Si Nathan avait su (30)


                          


Un 30 novembre, à 30 ans, Abigaelle ne se doutait pas que cette journée d’anniversaire s’avérerait pour le moins mouvementée. Oui, elle avait bien reçu la veille un courrier de son père. De sa mère, rien. Silence complet chez la famille Thompson résidant toujours en Australie. Il faut dire que la nouvelle trentenaire est plutôt négligente à donner de ses nouvelles. Lorsqu’elle annonça à tous ceux qui devaient l’apprendre qu’elle s’inscrivait à l’université Laval de Québec afin d’y entreprendre son doctorat, une fois la surprise passée, très peu, en fait plus personne de son entourage n’a conservé de liens avec celle qui, sans être à la tête de l’association étudiante de l’université de Montréal, avait représenté la faculté de l’éducation au sein de son conseil d’administration au cours des deux dernières années.
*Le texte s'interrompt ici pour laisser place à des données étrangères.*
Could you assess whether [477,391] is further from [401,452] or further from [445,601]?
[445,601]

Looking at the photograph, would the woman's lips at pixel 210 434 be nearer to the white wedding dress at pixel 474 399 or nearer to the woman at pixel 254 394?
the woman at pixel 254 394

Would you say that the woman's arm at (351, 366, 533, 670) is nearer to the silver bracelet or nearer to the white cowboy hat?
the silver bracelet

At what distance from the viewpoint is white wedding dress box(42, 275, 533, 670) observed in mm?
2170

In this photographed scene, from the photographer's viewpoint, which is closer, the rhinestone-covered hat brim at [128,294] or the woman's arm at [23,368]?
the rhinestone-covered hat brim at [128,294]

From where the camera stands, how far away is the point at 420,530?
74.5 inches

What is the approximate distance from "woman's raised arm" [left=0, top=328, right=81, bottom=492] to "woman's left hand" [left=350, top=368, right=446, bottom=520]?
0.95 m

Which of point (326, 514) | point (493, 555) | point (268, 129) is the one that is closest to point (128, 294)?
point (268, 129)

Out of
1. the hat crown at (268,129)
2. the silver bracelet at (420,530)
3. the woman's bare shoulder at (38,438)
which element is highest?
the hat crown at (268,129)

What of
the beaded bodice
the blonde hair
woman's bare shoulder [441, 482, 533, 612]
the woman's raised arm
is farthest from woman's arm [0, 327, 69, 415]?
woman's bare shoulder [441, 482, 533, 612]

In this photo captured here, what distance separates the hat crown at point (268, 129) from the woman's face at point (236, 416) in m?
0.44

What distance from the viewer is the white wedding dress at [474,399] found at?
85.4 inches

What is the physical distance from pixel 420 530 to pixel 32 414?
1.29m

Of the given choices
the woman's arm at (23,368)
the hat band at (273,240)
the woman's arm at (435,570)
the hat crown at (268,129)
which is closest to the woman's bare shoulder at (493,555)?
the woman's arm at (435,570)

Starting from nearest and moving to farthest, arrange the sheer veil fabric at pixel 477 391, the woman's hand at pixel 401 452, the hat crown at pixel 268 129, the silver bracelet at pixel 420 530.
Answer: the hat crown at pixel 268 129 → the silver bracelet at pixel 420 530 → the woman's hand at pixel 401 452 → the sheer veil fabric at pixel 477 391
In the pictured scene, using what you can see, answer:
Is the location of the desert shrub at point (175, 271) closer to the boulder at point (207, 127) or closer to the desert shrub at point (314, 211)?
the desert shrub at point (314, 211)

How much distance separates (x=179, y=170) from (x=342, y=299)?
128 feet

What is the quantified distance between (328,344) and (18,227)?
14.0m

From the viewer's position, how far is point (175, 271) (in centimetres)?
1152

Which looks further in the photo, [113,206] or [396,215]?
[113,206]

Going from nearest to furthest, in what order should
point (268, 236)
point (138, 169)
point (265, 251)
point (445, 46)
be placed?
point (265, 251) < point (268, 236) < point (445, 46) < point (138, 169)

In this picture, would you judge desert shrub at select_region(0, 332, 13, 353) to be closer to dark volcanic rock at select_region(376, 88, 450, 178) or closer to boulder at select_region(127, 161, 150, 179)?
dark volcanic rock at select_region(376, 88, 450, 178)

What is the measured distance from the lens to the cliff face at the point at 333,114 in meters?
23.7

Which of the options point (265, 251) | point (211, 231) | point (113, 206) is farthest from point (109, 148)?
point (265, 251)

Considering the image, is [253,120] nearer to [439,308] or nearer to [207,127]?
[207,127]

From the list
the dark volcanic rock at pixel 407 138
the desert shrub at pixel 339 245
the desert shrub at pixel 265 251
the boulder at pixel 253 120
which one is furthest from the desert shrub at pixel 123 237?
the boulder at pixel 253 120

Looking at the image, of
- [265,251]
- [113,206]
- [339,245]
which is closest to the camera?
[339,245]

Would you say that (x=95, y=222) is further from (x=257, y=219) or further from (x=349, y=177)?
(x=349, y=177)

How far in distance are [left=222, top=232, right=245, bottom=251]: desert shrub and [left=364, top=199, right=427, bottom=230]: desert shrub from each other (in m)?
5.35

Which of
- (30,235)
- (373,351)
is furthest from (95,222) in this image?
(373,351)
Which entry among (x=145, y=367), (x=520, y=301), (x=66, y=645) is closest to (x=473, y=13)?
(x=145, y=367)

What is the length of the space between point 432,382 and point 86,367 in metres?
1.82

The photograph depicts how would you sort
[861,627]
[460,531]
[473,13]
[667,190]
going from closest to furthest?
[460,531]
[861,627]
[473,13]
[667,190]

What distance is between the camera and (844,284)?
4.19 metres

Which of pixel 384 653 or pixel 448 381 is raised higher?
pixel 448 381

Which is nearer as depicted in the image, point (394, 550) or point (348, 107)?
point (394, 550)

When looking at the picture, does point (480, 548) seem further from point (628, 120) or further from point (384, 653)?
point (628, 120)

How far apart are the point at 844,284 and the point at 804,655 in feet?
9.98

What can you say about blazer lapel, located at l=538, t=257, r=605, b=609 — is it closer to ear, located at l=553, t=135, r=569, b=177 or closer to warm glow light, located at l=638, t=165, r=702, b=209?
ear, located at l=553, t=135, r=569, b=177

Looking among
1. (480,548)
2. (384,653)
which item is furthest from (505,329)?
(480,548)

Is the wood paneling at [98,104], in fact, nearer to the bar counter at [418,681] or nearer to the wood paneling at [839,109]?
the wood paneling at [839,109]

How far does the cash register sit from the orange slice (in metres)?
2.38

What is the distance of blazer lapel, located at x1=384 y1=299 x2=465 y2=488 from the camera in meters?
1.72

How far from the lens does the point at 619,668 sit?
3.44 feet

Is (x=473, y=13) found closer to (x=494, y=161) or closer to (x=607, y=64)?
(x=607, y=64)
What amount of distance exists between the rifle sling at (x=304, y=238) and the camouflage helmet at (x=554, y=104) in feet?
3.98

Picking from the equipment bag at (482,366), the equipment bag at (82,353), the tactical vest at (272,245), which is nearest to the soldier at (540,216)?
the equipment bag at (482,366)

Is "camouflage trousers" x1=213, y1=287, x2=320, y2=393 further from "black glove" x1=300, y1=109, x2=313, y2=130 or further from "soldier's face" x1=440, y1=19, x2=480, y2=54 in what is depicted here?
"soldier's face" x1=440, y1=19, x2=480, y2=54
Dès son élection, elle s’était fait des ennemis en raison de positions qualifiées d’extrémistes, particulièrement lorsqu’elle proposa d’engager des fonds pour subvenir aux besoins d’un comité souhaitant faciliter la venue d’étudiants américains fuyant leur pays, prétextant refuser de s’engager dans l’armée qui allait par la suite les envoyer combattre au Vietnam.  Dans un discours qui surprit l’ensemble des étudiants réunis en assemblée générale pour adopter le budget annuel de l’association, Abigaelle fit une sortie en règle contre son président et l’exécutif qu’elle associait, ce sont ses termes exacts, « aux anglais de McGill » qui venaient tout juste de déclarer leur neutralité dans le conflit indochinois. Elle fut également accusée, et cela sérieusement, d’être la porte-parole étudiante du FLQ au début de l’année 1970, ce qui lui valut d’être fichée auprès de la GRC. Son père l’encourageait, sa mère la fustigeait. Cette divergence d’opinions provoqua le divorce de ses parents. Séparation fracassante en raison de l’implication de son père dans un dossier fort sensible ; étant lui-même gynécologue, il devint un farouche défenseur du Docteur Morgantaler alors que sa mère militait activement pour la criminalisation de l’avortement.
 
*****
 
L’éducatrice n’avait pas eu l’occasion de profiter de son permis de chasse, très occupée par les obligations liées à son doctorat. À plusieurs reprises elle dut se rendre à Québec afin de faire valider la démarche dans laquelle elle souhaitait orienter ses travaux. Sans que ce ne fût des reproches, madame Lapointe qui supervisait sa thèse l’invitait à moins critiquer ce qui était en place actuellement pour davantage explorer de nouvelles pistes et les approfondir. Après réflexion, Abigaelle s’aperçut que son conflit, de  plus en plus ouvert avec madame Saint-Gelais, teintait son travail à tout le moins le style lapidaire employé.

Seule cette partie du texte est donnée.